(Dataset entries)
----------------
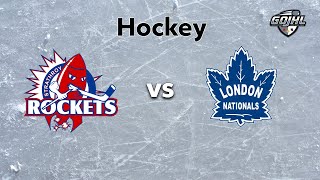 Strathroy Rockets vs London Nationals  February 26th 2023 [upl. by Sillert]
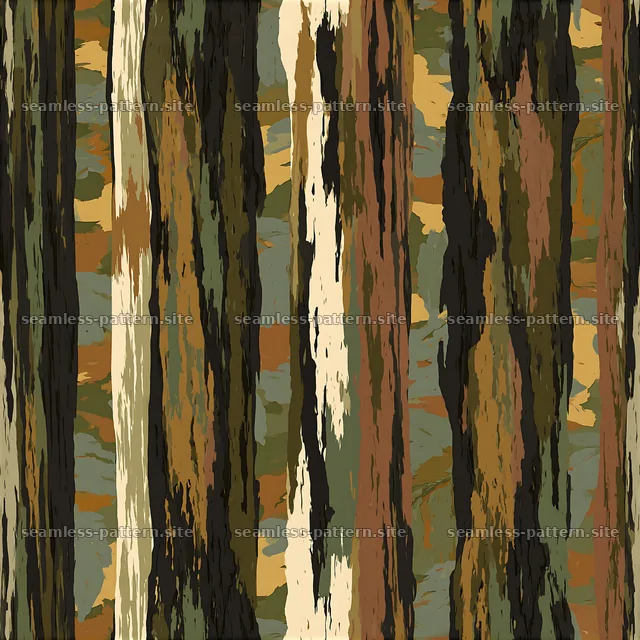Seamless wood-inspired camouflage pattern for design projects — seamless tileable pattern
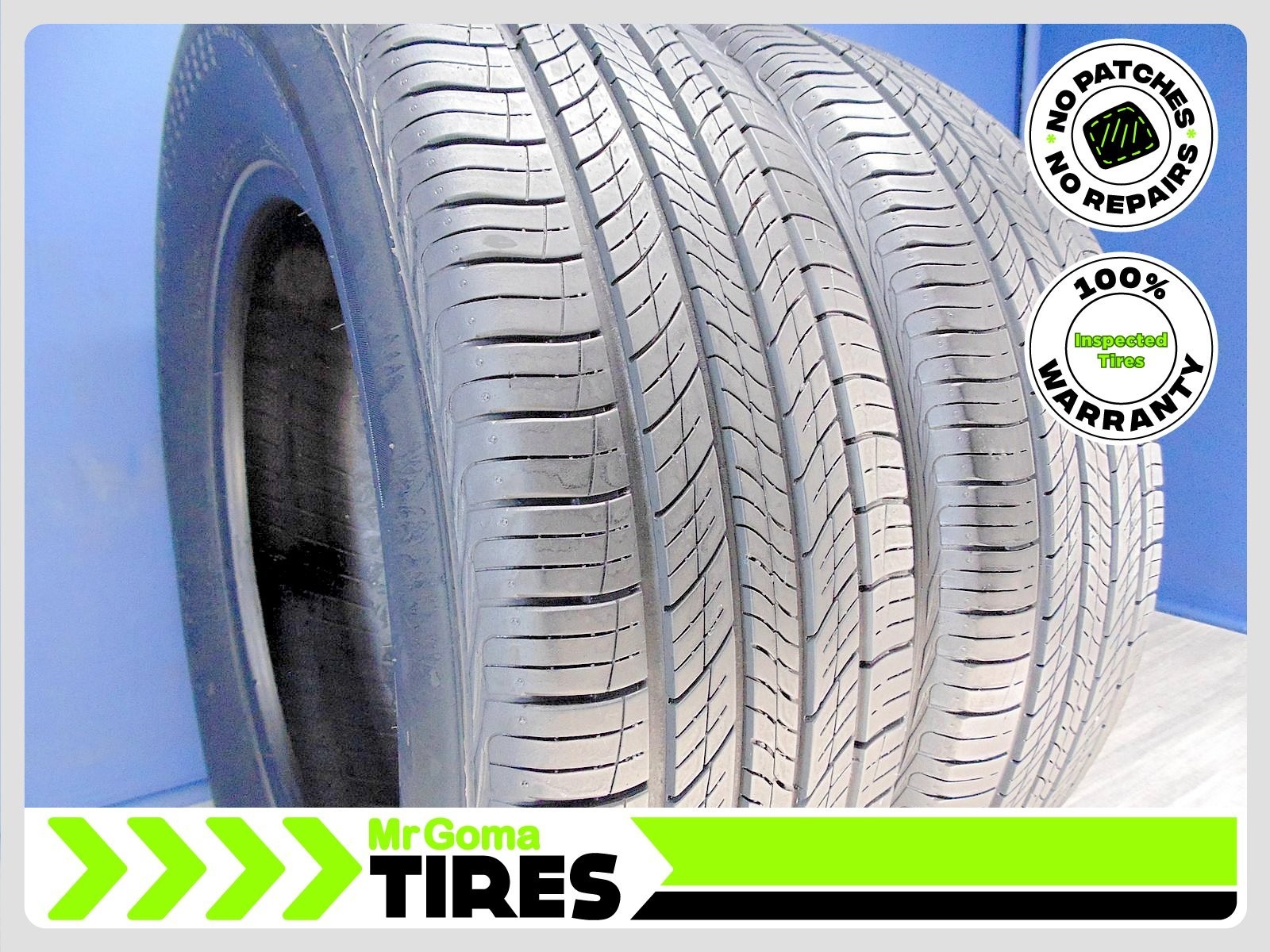 2 HANKOOK DYNAPRO HP2 KONTROL 235/65R17 USED TIRES 7.5/32 TREAD NO PATCH 2356517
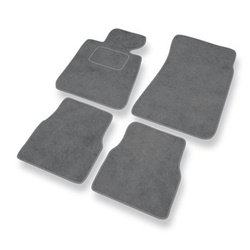 Alfombrillas de Velour adecuadas para BMW 3 M3 I E30 Coupé, Cabrio, Berlina, Touring (1985-1992) - alfombras para coche - Premium color gris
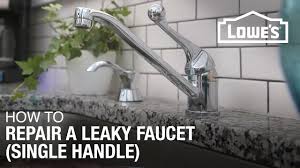 dripping or leaky single handle faucet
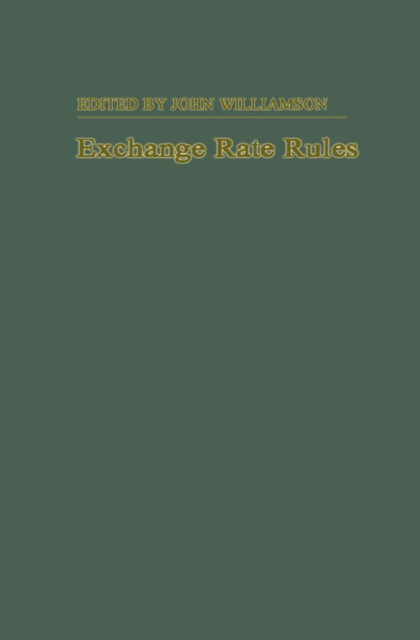 Book Cover for Exchange Rate Rules by John Williamson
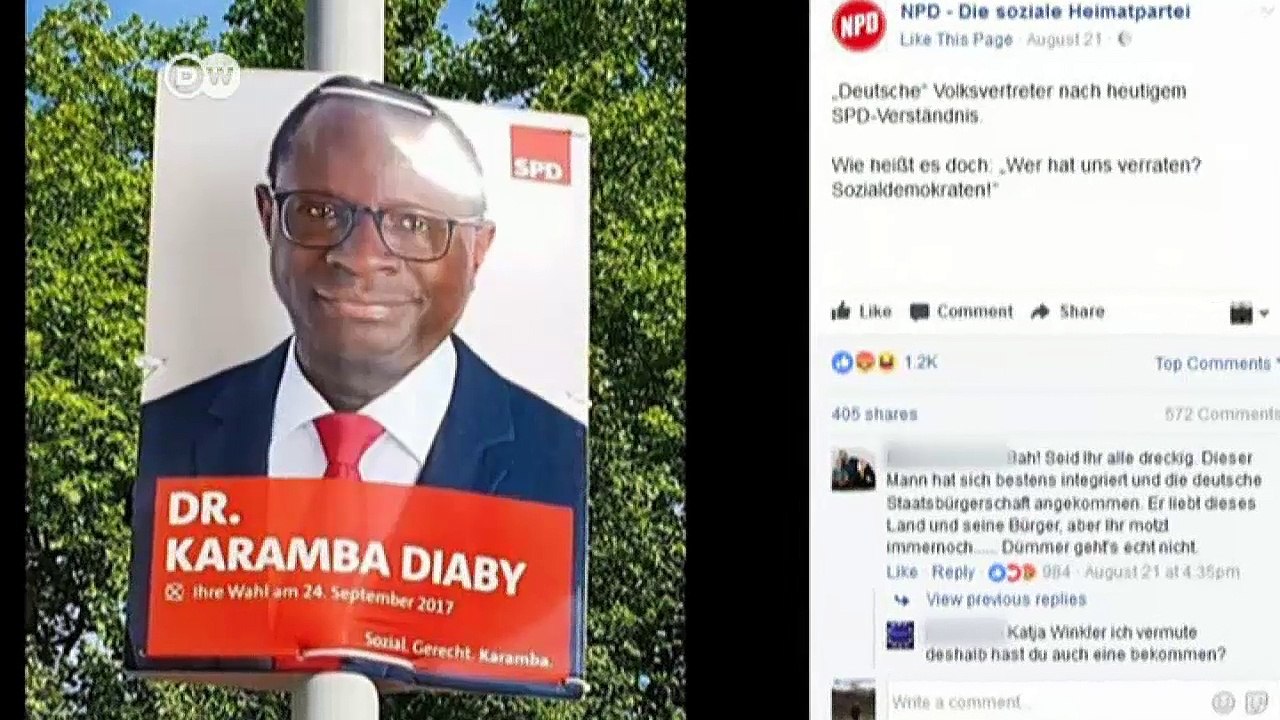 Karamba Diaby wehrt sich gegen rechte Hetze | DW Deutsch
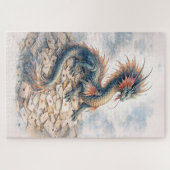 Aquatic-Drachen-Buchstaben Puzzle (Horizontal)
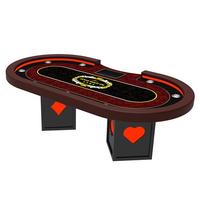 Lucky YH — Texas Hold'em Poker 240/260cm, Table avec jambes légères de luxe, utilisé dans le Casino électronique, Texas Hold'em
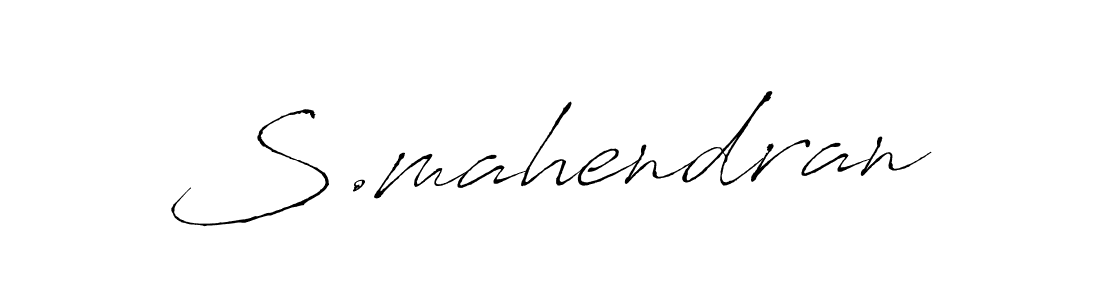 Create a beautiful signature design for name S.mahendran. With this signature (Antro_Vectra) fonts, you can make a handwritten signature for free. S.mahendran signature style 6 images and pictures png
----------------
## Task:
Whatever pictures the records hold, omit them; give again exactly the lines from the one containing "2 HANKOOK DYNAPRO" through the one containing "Aquatic-Drachen-Buchstaben Puzzle (Horizontal)".

## The completed task:
 2 HANKOOK DYNAPRO HP2 KONTROL 235/65R17 USED TIRES 7.5/32 TREAD NO PATCH 2356517
 Alfombrillas de Velour adecuadas para BMW 3 M3 I E30 Coupé, Cabrio, Berlina, Touring (1985-1992) - alfombras para coche - Premium color gris
 dripping or leaky single handle faucet
 Book Cover for Exchange Rate Rules by John Williamson
 Karamba Diaby wehrt sich gegen rechte Hetze | DW Deutsch
 Aquatic-Drachen-Buchstaben Puzzle (Horizontal)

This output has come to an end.